Open World Agents is a comprehensive framework for building AI agents that can interact with any desktop application through vision, keyboard, and mouse control. From data capture to model training and real-time evaluation, we provide the complete toolkit:

- **OWA Core & Environment**: Asynchronous, event-driven interface for real-time agents with dynamic plugin activation
- **Data Capture & Format**: High-performance desktop recording with the `OWAMcap` format powered by [mcap](https://mcap.dev/)
- **Environment Plugins**: Pre-built plugins for desktop automation, screen capture, and more
- **CLI Tools**: Command-line utilities for recording, analyzing, and managing agent data

## What Can You Build?

**Anything that runs on desktop.** Open World Agents provides a universal interface to interact with any desktop application, game, or software through vision, keyboard, and mouse control.

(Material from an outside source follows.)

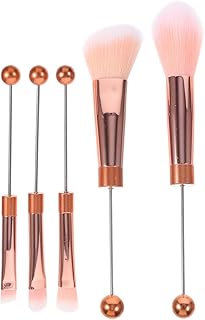 5pcs Makeup Brush Set for Women – Rose Gold M...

If a human can do it on a computer, you can build an AI agent to automate it.

🤖 **Desktop Automation Agents**: Navigate complex applications, automate workflows, and interact with any software interface

🎮 **Game AI Agents**: Master complex games by understanding visual interfaces, game mechanics, and real-time decision making

📊 **Multimodal Training Datasets**: Capture high-quality human-computer interaction data for training foundation models

🤗 **Community-Driven Datasets**: Access and contribute to a growing collection of open-source OWAMcap datasets on HuggingFace

📈 **Real-Time Benchmarks**: Create and evaluate desktop agent performance across diverse applications and tasks

## Project Structure

The repository is organized as a monorepo with multiple sub-repositories under the `projects/` directory. Each sub-repository is a self-contained Python package installable via `pip` or [`uv`](https://docs.astral.sh/uv/) and follows namespace packaging conventions.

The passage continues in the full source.